À propos des auteurs
Joyce Jiang, originaire de Hong Kong, est stagiaire à Cultural Infusion. Ayant une formation en théorie politique et en conseil, elle a travaillé dans le secteur des services sociaux et du marketing avant son stage à Cultural Infusion. Elle aime travailler avec des personnes d’horizons différents et aspire à créer un monde inclusif et harmonieux. Elle est également une amatrice de café et a une grande passion pour l’apprentissage de ce monde.
Sam Lin est un stagiaire de Hong Kong qui étudie l’économie et la sociologie. Il est passionné par le travail au sein d’organisations non gouvernementales afin d’apporter un changement positif dans le monde.
Boris Chung est un stagiaire de l’Université de Hong Kong, spécialisé dans la politique et l’administration publique et intéressé par la sociologie et la culture. Il estime que la société devrait être plus égalitaire et que la discrimination devrait disparaître dans de nombreux domaines.
Situation actuelle
La grande démission (également connue sous le nom de grand départ et de grand remaniement) est une tendance économique en cours depuis le début de l’année 2021, dans laquelle les employés démissionnent volontairement et en masse de leur emploi. Certains économistes ont qualifié la Grande Démission de grève générale. Selon la Harvard Business Review, c’est la cohorte des 30-45 ans qui a connu la plus forte augmentation des taux de démission (Ferrazzi & Clementi, 2022).

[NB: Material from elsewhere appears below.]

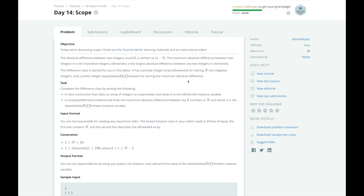Hi, this is Josh from Over the Shoulder Coding, where I help you prepare for software engineering interviews by guiding you through solving real problems. In this series, I will walk you through HackerRank's 30 Days of Code Challenge, day by day. In day 14, we're discussing scope.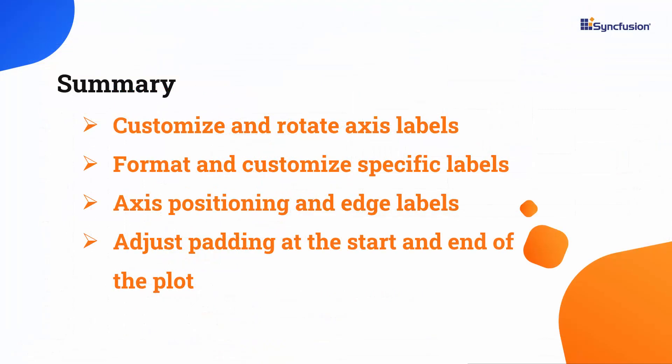In this video, you learned how to customize the format and appearance of axis labels in a cartesian chart. Additionally, I demonstrated how to adjust the padding at the start and end of the plot, as well as how to customize the axis origin.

La grande démission a été observée dans le monde entier. En Australie, 1,3 million de personnes, soit 9,5 % de la population active, ont changé d’emploi, ce qui représente le taux annuel de mobilité professionnelle le plus élevé depuis 2012 (Australian Bureau of Statistics, 2022). L’augmentation récente de la mobilité professionnelle a été plus prononcée pour les femmes (de 7,6 % à 10 %) que pour les hommes (de 7,5 % à 9,1 %). La part de la mobilité professionnelle est la plus élevée pour les professions libérales, telles que les ingénieurs, les architectes et les pharmaciens ; 22 % des professions libérales ont changé d’emploi. D’autre part, le taux annuel de réduction des effectifs, qui représente le taux de licenciement des employés par les employeurs en raison de l’excédent de main-d’œuvre, était de 1,5 %, soit le taux annuel le plus bas jamais enregistré depuis 1972 (Australian Bureau of Statistics, 2022).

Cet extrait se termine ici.